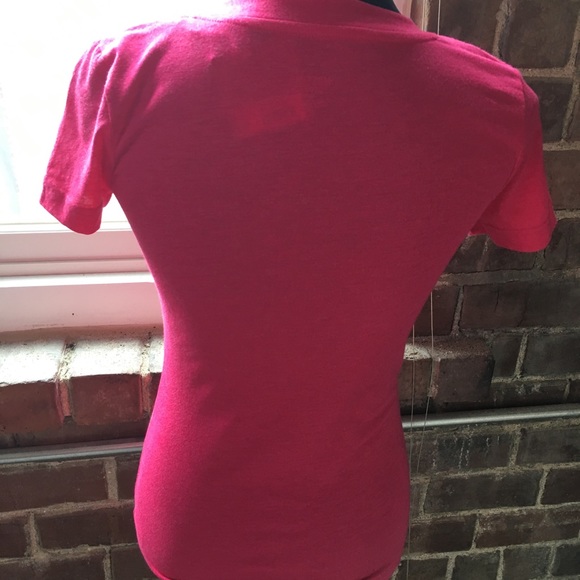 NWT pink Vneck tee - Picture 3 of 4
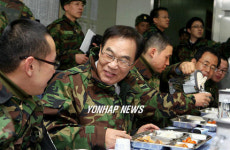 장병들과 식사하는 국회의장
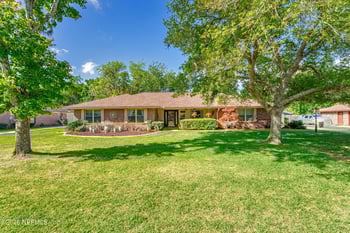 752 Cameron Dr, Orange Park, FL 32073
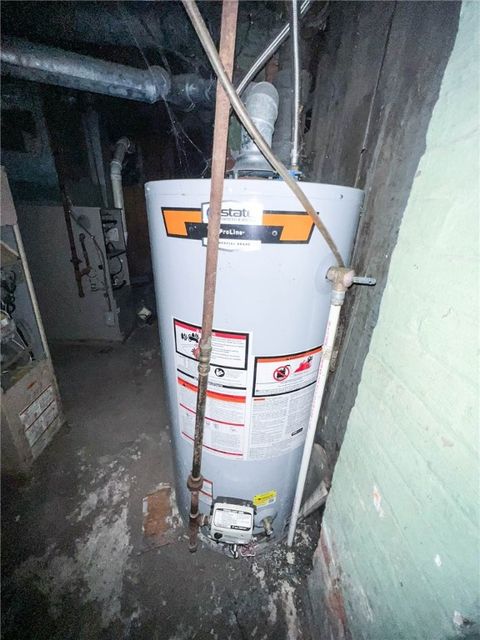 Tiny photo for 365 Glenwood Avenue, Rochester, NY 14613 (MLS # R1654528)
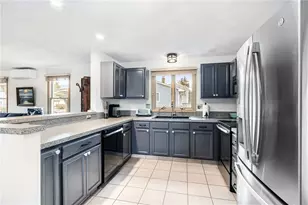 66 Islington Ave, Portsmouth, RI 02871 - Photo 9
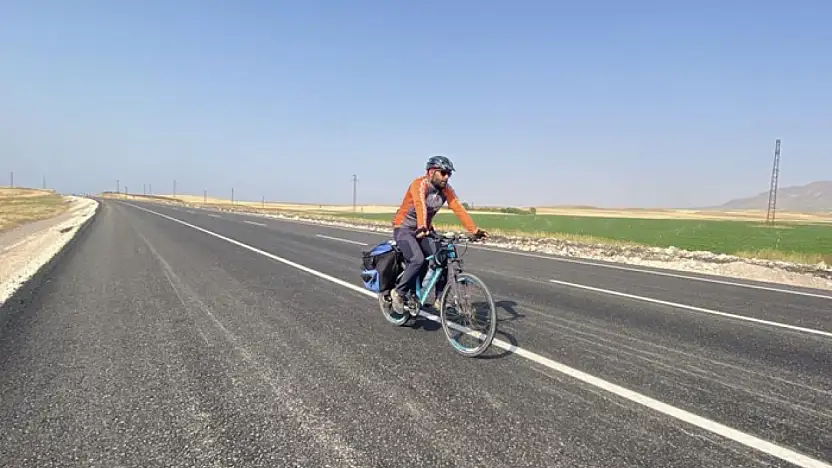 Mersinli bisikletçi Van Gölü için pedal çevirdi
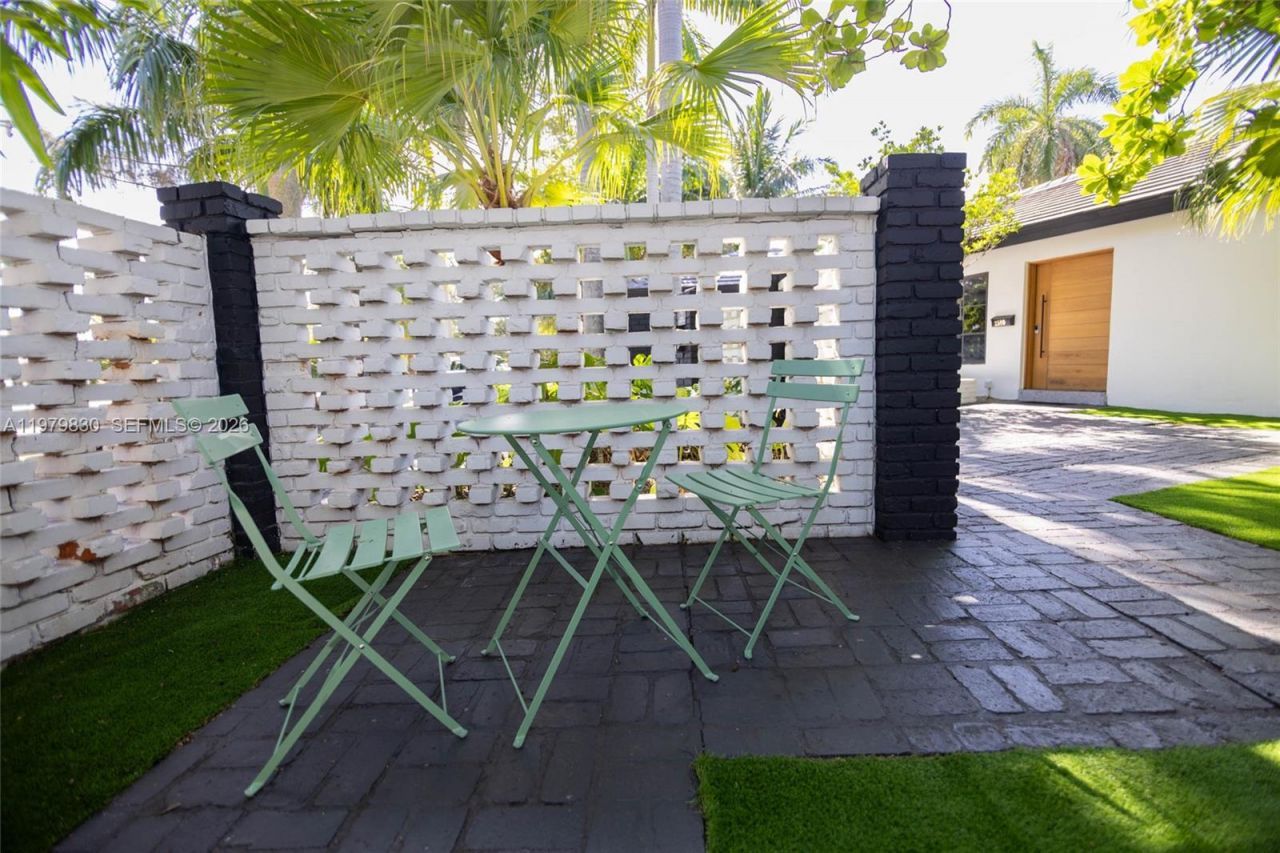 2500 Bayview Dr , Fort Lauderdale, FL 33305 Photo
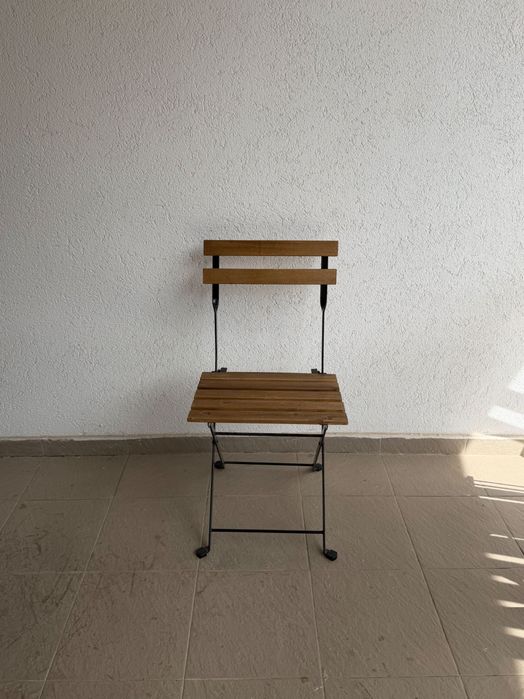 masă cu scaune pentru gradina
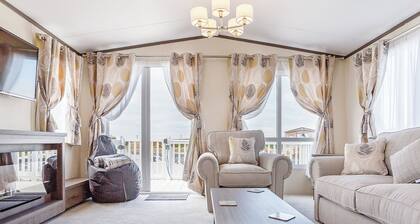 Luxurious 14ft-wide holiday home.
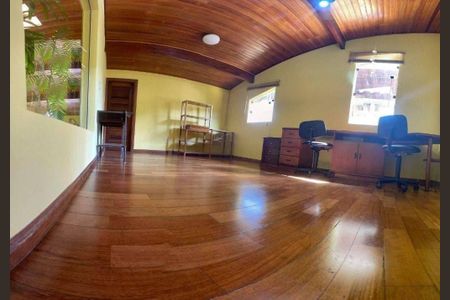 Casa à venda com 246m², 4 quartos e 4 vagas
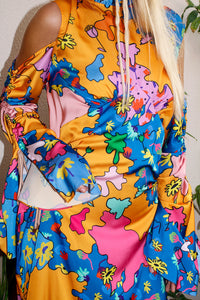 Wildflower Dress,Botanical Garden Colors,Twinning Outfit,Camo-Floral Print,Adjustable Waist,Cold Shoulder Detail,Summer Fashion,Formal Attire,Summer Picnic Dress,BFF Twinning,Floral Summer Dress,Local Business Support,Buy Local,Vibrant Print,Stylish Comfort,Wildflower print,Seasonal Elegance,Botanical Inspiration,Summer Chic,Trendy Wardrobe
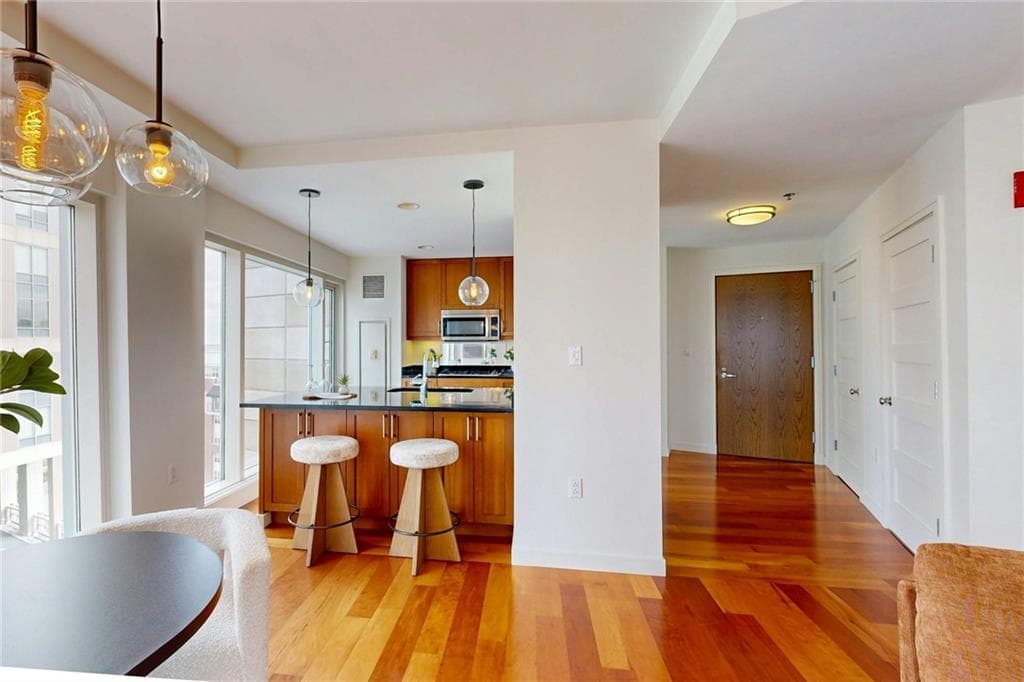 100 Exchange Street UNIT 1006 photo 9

□ □ □

Print each entry above verbatim, pictures left out.

## Solution for this problem
 NWT pink Vneck tee - Picture 3 of 4
 장병들과 식사하는 국회의장
 752 Cameron Dr, Orange Park, FL 32073
 Tiny photo for 365 Glenwood Avenue, Rochester, NY 14613 (MLS # R1654528)
 66 Islington Ave, Portsmouth, RI 02871 - Photo 9
 Mersinli bisikletçi Van Gölü için pedal çevirdi
 2500 Bayview Dr , Fort Lauderdale, FL 33305 Photo
 masă cu scaune pentru gradina
 Luxurious 14ft-wide holiday home.
 Casa à venda com 246m², 4 quartos e 4 vagas
 Wildflower Dress,Botanical Garden Colors,Twinning Outfit,Camo-Floral Print,Adjustable Waist,Cold Shoulder Detail,Summer Fashion,Formal Attire,Summer Picnic Dress,BFF Twinning,Floral Summer Dress,Local Business Support,Buy Local,Vibrant Print,Stylish Comfort,Wildflower print,Seasonal Elegance,Botanical Inspiration,Summer Chic,Trendy Wardrobe
 100 Exchange Street UNIT 1006 photo 9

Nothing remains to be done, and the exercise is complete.